Eine Erinnerung aus der Anfangszeit, die vielleicht nicht in einem zeitlichen, so aber doch in einem thematischen Zusammenhang mit dem Traum steht und die einen Hinweis auf meinen damaligen Geisteszustand gibt: Ich hatte das Gespräch auf mein Musik-Hör-Erleben gebracht, auf den Eindruck, den Mahlers Erste Sinfonie (Beiname: Der Titan) auf mich gemacht hatte. Dabei war mir herausgerutscht: Soetwas Grosses müsste man auch schaffen.

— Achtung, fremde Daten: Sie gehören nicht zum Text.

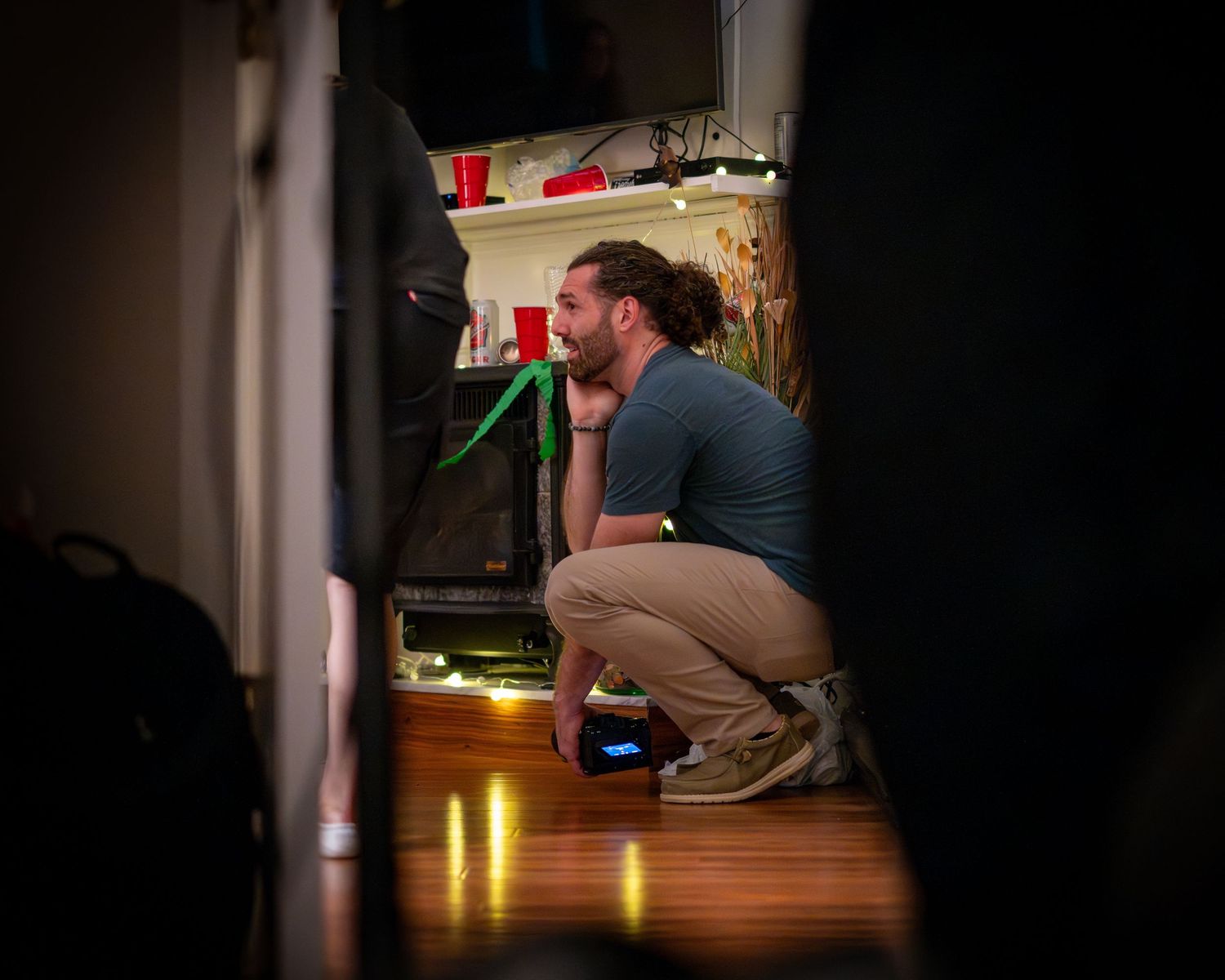 Behind the scenes photo of Fv3 Media photographer Frank Fichera on the set of New England hiking drama feature film All You Have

Ich gebe obigen Traum hier wieder (ob und wie wir ihn in der Analyse besprochen haben, daran kann ich mich
nicht mehr erinnern), auf den ich mir gemäss der Kohut'schen Narzissmus-Theorie "einen Reim mache" als
symbolische Manifestation des Grössen-Selbsts – in Einklang mit der von der Psychoanalyse postulierten
Bedeutung von Träumen, deren Sinn sich, entsprechend der Freud'schen Theorie, durch Deutung (die Via regia) beispielsweise mittels Assoziationen erschliesst. In dem Bestreben, den Sinn dieses wie noch
einer Reihe späterer Träume zu verstehen, mache ich mir auf der Grundlage des auf der Psychoanalyse
beruhenden Vorwissens, in erster Linie der Kohut'schen Annahmen, die ich mir zu eigen gemacht habe, "einen Reim"
darauf. Aber ist diese Deutung wirklich überzeugend, oder habe ich mir damit nur etwas
zusamengereimt?
Die Assoziation, die zum Vater führt, könnte auch auf den – in ferner Vergangenheit liegenden
– Vaterkonflikt hindeuten. Aber ist nicht der übergrosse Vater der Kindheit die Vorlage für das
Grössen-Selbst, als Ausdruck des Bestrebens, den Vater an Grösse noch zu übertreffen und somit
der Allergrösste zu sein? Aber ich habe jetzt den Eindruck, mich zu weit aus dem Fenster gelehnt zu haben,
indem ich hier darüber schwadroniere, wie der Konflikt mit dem Vater (Ödipus-Komplex)
und die Theorie vom Grössen-Selbst miteinander in Beziehung zu setzen sind.